- GOAL OF THE EXERCISE
Return exactly and only these lines: the first of the listing through the one containing "Berserk Chapter 95".

- DATA EXTRACTS

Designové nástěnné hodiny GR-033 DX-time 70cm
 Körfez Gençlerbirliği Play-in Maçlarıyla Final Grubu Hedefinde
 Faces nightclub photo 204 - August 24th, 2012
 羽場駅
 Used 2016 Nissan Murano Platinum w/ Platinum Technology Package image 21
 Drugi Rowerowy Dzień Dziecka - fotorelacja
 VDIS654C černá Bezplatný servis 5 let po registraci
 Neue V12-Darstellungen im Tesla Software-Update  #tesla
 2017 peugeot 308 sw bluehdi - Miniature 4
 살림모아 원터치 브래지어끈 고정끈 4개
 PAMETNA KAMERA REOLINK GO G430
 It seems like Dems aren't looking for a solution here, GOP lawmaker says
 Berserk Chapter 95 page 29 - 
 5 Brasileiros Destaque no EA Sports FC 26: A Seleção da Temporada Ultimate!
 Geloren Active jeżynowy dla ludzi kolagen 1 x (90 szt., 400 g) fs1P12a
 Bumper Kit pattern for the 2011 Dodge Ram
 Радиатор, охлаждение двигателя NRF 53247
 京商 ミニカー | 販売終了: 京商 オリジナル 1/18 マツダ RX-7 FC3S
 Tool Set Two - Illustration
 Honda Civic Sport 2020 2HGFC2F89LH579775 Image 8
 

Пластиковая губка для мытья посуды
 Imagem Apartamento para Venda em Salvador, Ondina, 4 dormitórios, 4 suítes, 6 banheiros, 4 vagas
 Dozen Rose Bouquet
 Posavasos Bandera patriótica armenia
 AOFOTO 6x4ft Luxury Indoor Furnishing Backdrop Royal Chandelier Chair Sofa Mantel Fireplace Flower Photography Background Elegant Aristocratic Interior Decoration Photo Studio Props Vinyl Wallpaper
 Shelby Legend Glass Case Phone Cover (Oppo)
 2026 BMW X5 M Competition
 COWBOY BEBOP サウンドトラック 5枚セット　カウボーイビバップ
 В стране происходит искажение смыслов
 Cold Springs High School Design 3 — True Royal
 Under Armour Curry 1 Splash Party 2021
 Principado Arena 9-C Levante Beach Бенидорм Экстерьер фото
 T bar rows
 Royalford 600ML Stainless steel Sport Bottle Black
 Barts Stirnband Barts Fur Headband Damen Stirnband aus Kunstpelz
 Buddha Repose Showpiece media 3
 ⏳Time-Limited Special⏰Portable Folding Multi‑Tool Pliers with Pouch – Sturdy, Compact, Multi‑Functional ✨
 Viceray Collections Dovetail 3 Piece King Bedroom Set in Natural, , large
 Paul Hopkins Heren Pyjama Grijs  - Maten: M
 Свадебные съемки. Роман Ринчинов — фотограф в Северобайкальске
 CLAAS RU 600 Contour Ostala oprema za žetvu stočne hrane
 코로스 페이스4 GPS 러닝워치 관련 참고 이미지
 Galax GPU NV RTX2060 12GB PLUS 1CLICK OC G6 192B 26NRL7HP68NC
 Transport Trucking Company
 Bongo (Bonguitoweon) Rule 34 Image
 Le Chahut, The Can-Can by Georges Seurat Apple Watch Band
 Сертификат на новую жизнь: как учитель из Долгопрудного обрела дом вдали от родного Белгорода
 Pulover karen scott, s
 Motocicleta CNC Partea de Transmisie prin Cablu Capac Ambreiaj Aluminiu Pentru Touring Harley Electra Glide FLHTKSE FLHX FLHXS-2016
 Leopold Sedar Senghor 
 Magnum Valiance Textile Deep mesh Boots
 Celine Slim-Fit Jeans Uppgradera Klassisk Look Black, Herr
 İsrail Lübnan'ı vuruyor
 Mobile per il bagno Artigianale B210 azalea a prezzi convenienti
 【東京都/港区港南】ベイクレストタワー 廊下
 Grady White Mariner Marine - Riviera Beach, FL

- OUTPUT OF THE TASK
Designové nástěnné hodiny GR-033 DX-time 70cm
 Körfez Gençlerbirliği Play-in Maçlarıyla Final Grubu Hedefinde
 Faces nightclub photo 204 - August 24th, 2012
 羽場駅
 Used 2016 Nissan Murano Platinum w/ Platinum Technology Package image 21
 Drugi Rowerowy Dzień Dziecka - fotorelacja
 VDIS654C černá Bezplatný servis 5 let po registraci
 Neue V12-Darstellungen im Tesla Software-Update  #tesla
 2017 peugeot 308 sw bluehdi - Miniature 4
 살림모아 원터치 브래지어끈 고정끈 4개
 PAMETNA KAMERA REOLINK GO G430
 It seems like Dems aren't looking for a solution here, GOP lawmaker says
 Berserk Chapter 95 page 29 - 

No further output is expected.